▸ Work task
Skipping all pictures, please restate word for word the lines from the one that contains "pile of burning" through the last line of the entries.

**** Input data

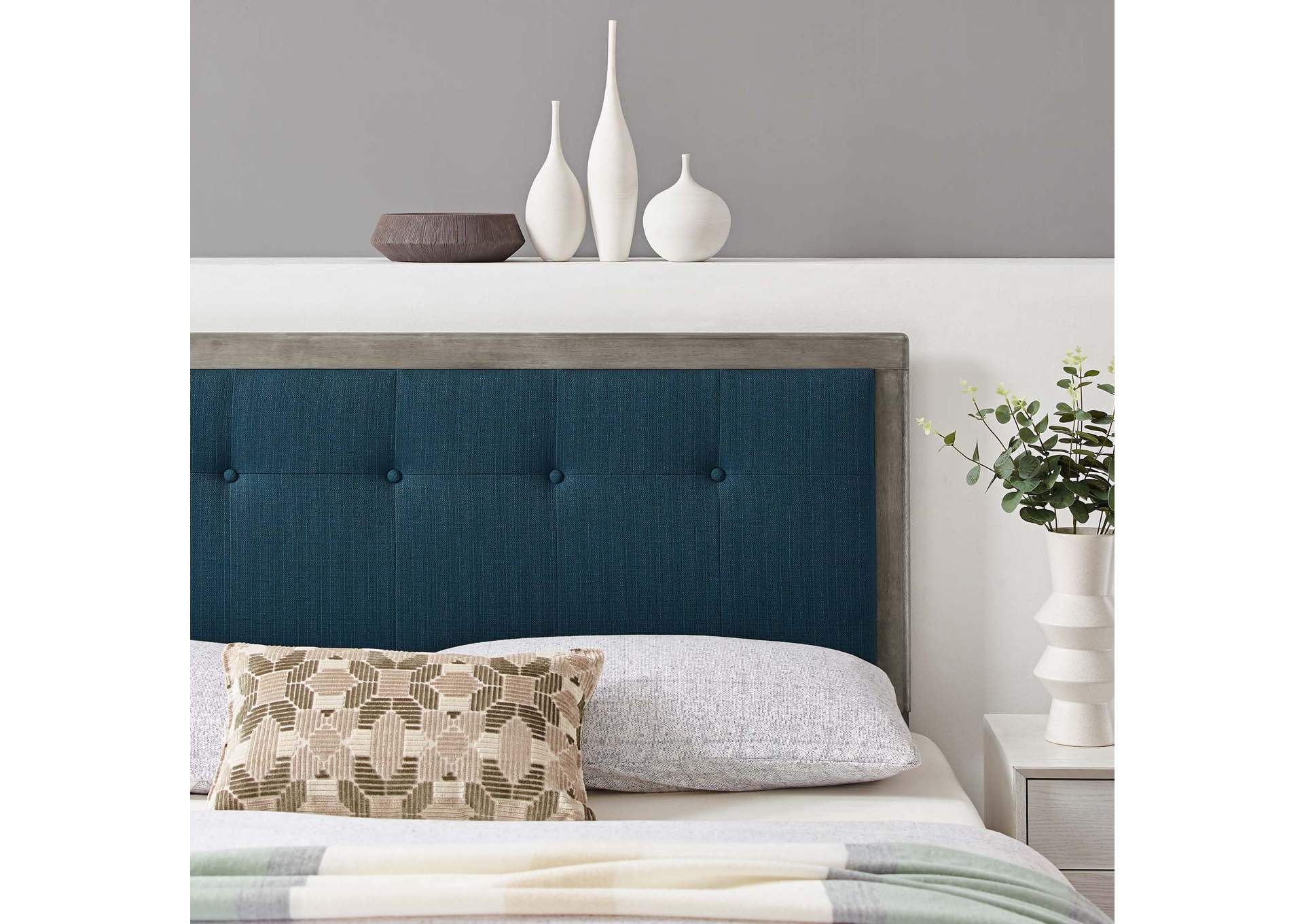 Draper Gray Azure Tufted Full Fabric and Wood Headboard,Modway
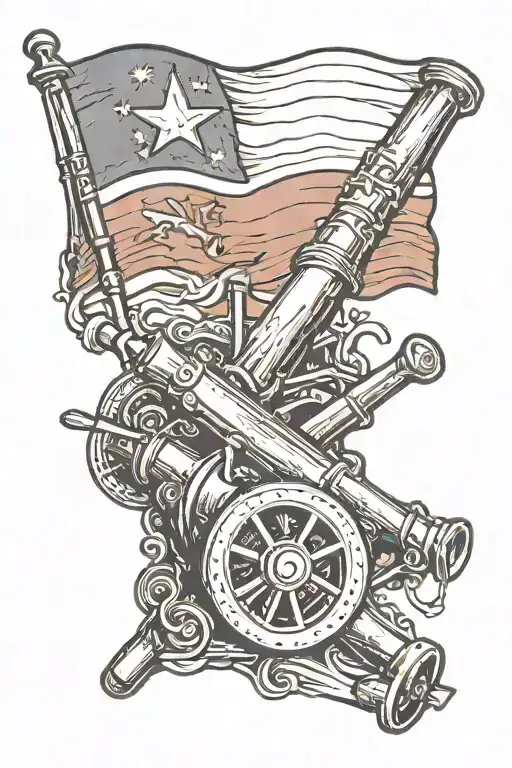 draw me a cannon mixed with a torch and a Texas flag intertwined tattoo design idea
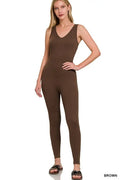 Ribbed Sports Bodysuit - Brown by Boutique 23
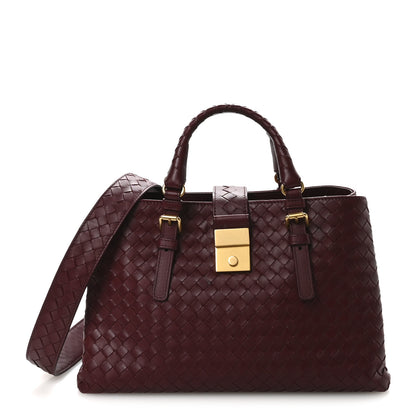 Bottega Veneta Light Calf Intrecciato Small Roma Dark Red 1 of 10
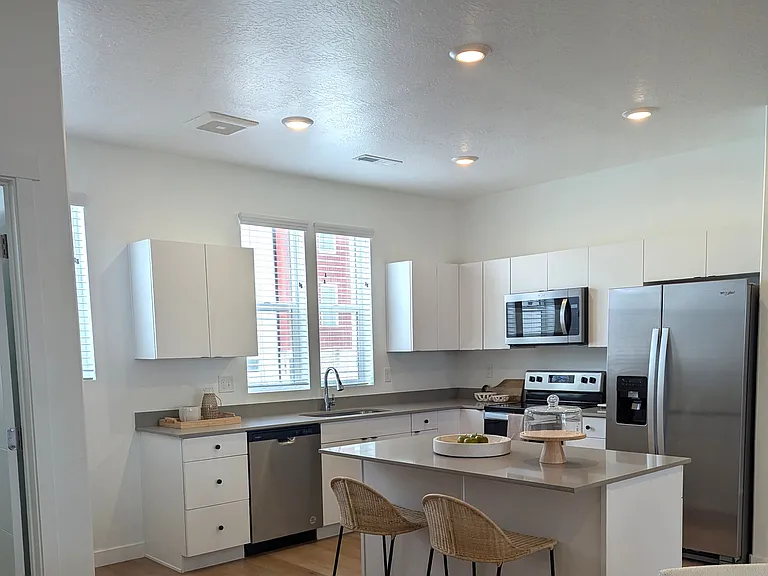 Kitchen with white cabinets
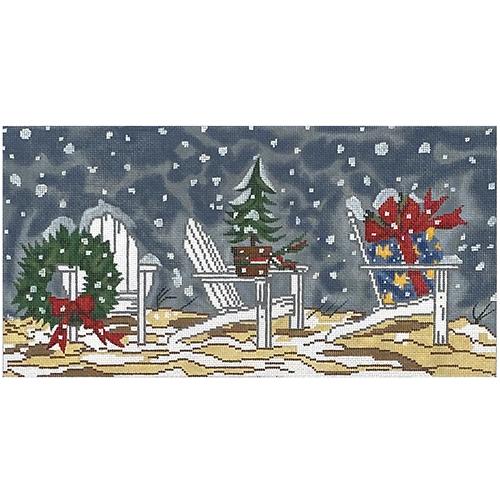 Winter Adirondack Chairs Painted Canvas Cooper Oaks Design  - 1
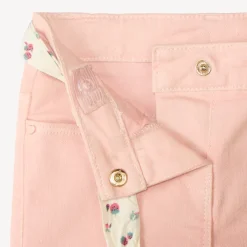 Denim short met fruitborduursel + strikceintuur voor babymeisjes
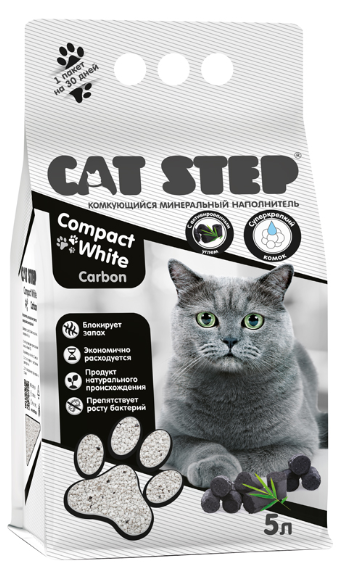 Наполнитель комкующийся минеральный CAT STEP Compact White Carbon, 5 л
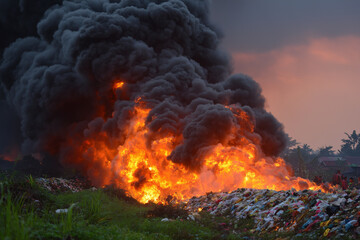 pile of burning plastic and paper waste, large blazing fire, black smoke billowing, rural background
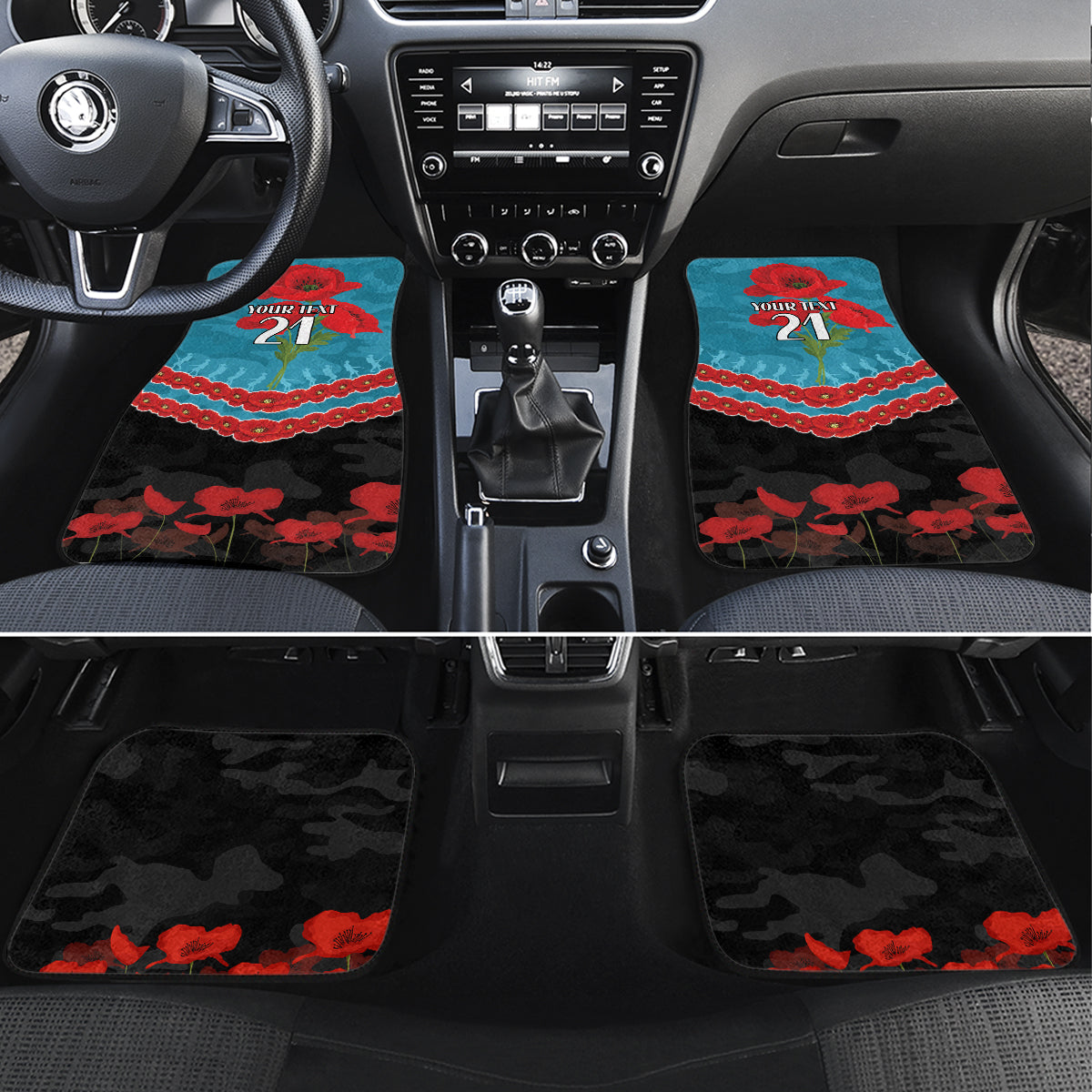 Custom Port Adelaide Power Football Car Mats ANZAC Lest We Forget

********

▸ Written response
 pile of burning plastic and paper waste, large blazing fire, black smoke billowing, rural background
 Custom Port Adelaide Power Football Car Mats ANZAC Lest We Forget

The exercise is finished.